Line by line, give the data again exactly as it appears, but without pictures.

SOURCE MATERIAL —
== Segment start ==
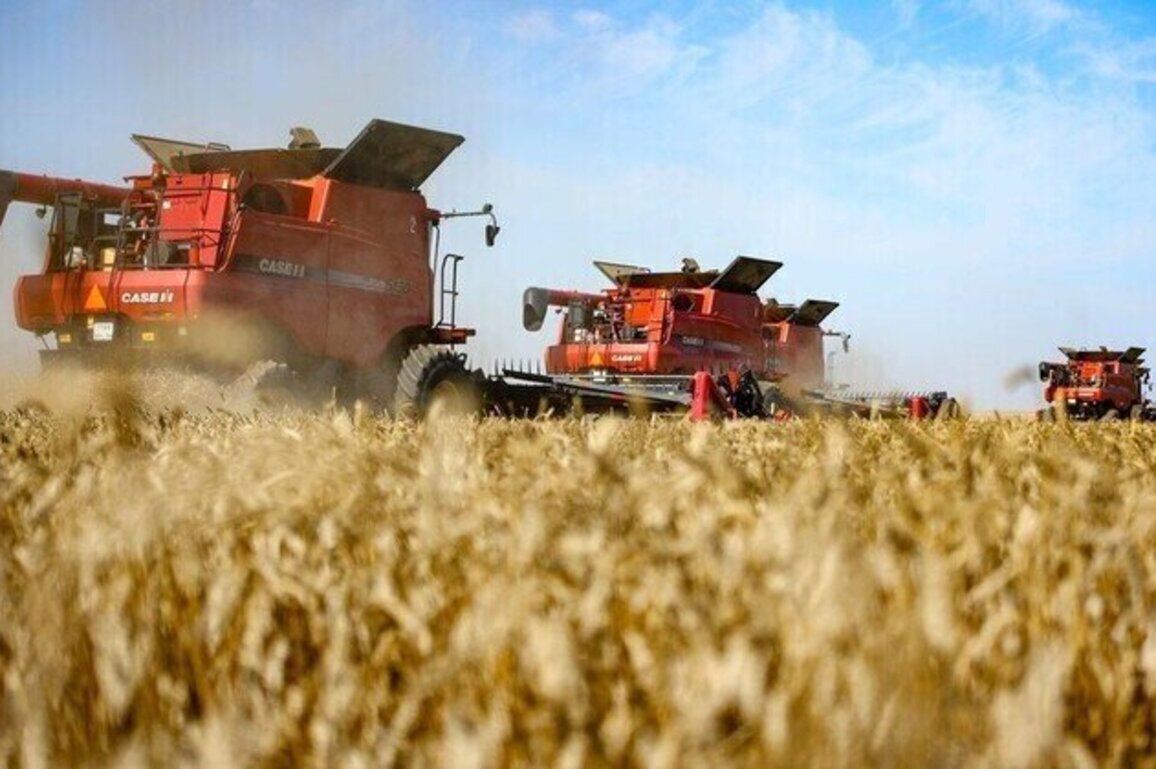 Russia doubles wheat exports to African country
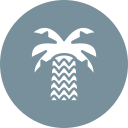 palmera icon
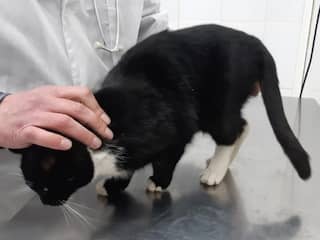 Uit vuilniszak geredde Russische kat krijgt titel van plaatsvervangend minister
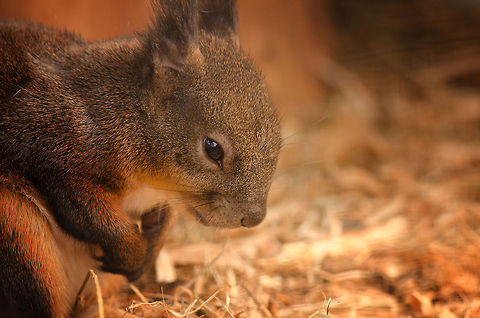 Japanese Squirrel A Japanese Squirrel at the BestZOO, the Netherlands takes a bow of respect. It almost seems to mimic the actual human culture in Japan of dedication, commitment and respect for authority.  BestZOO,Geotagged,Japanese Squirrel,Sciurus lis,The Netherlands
== Segment end ==
OUTPUT FOR THIS EXERCISE —
 Russia doubles wheat exports to African country
 palmera icon
 Uit vuilniszak geredde Russische kat krijgt titel van plaatsvervangend minister
 Japanese Squirrel A Japanese Squirrel at the BestZOO, the Netherlands takes a bow of respect. It almost seems to mimic the actual human culture in Japan of dedication, commitment and respect for authority.  BestZOO,Geotagged,Japanese Squirrel,Sciurus lis,The Netherlands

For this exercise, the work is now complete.